These days, when nearly every piece of PR related to restaurants, cafés and bars inevitably peddles some degree of ‘sustainability’, it’s hard to peg who’s really going the extra mile. You know, the folks going further than bamboo straws, honey from the rooftop hive and flicking the lights off for Earth Hour.
On the surface, Re may not appear to be doing anything too different. It’s a stark, borderline brutalist cocktail bar occupying a former locomotive workshop – all hard lines, sharp angles, soft curves and gritty industrial details given warmth with glossy design magazine styling. But that bar top, which looks something like terrazzo on an acid trip? It’s a mass of recycled plastic milk bottles and containers. Those light fixtures and wine coolers? Made with mycelium, the vegetative, thread-like part of a fungus. And the leather that upholsters the banquette? Not leather at all, but pineapple-leaf fibre.
Nearly everything you come into contact with, in fact – from the salvaged Maison Balzac glassware and Mud ceramics formed with excess clay to the imperfect produce in the drinks and Latta Vino wine poured from ten-litre casks – aims to minimise environmental impact in some way. The eventual goal, says co-owner Matt Whiley, is to be completely waste-free.

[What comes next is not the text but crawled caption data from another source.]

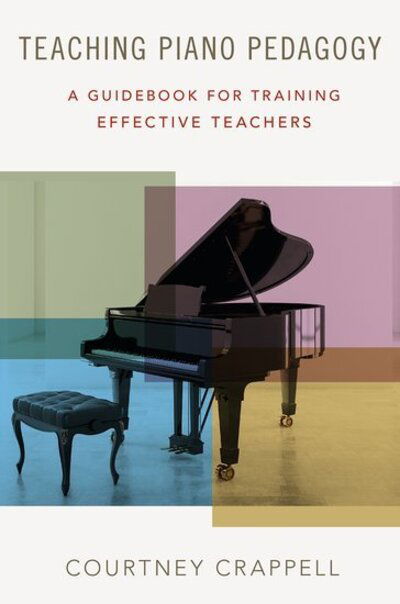 Cover for Crappell, Courtney (Director and Associate Professor of Piano Pedagogy, Director and Associate Professor of Piano Pedagogy, Moores School of Music, University of Houston) · Teaching Piano Pedagogy: A Guidebook for Training Effective Teachers (Paperback Book) (2019)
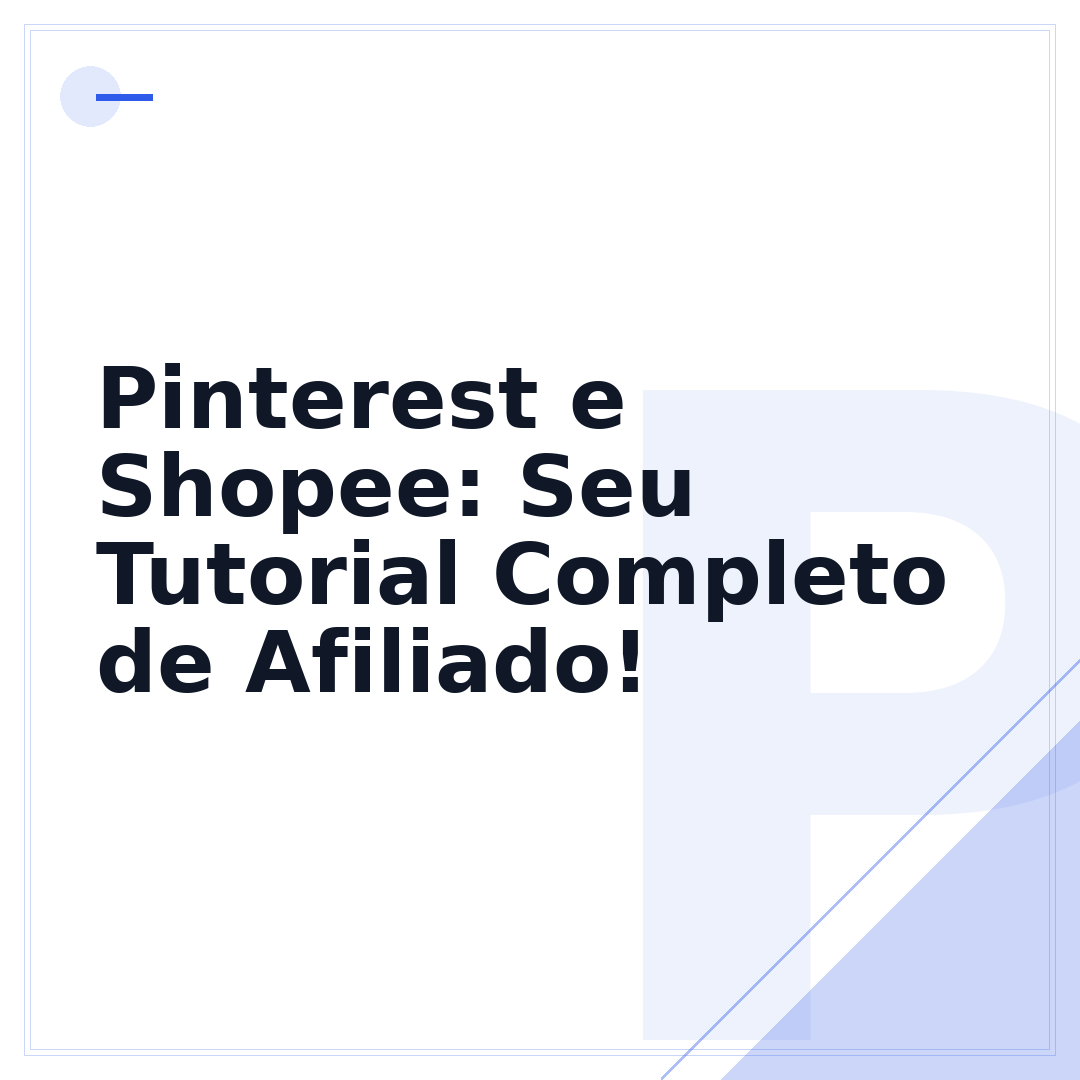 Pinterest e Shopee: Seu Tutorial Completo de Afiliado!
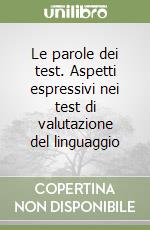 Le parole dei test. Aspetti espressivi nei test di valutazione del linguaggio libro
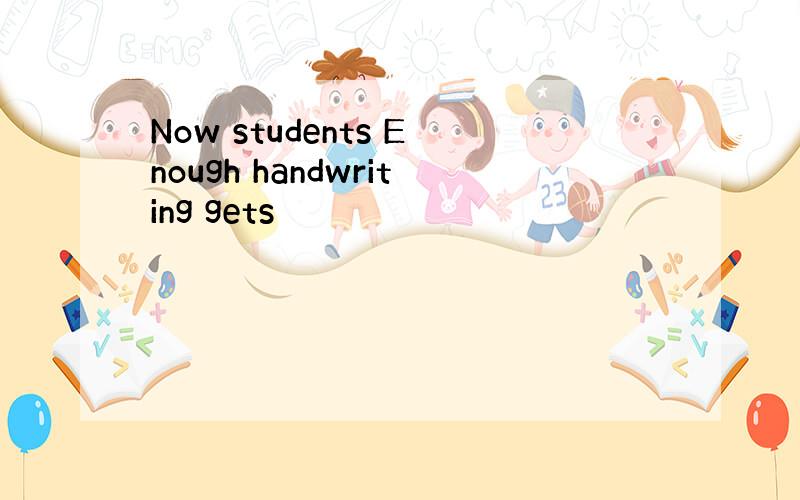 Now students Enough handwriting gets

Sydneysiders first got a taste of Whiley’s regenerative school of thinking at Scout, the Surry Hills outpost of his groundbreaking London bar, which he opened with Icebergs restaurateur Maurice Terzini on top of the Dolphin Hotel. Re finds the duo partnering once more and pretty much picking up where things left off when Scout shut up shop at the end of 2019, reexamining fermentation, distillation and flavour combinations in ways that defy expectations.
Clock the lab-like setup in the back corner. It’s where you might find Whiley or Evan Stroeve (Time Out’s 2019 Bartender of the Year and winner of Australia’s 2021 Diageo World Class competition) tinkering with ingredients that feature in the ‘Re-search’ section of the 15-strong cocktail list, where the team is given carte blanche to explore a concept and push the limits.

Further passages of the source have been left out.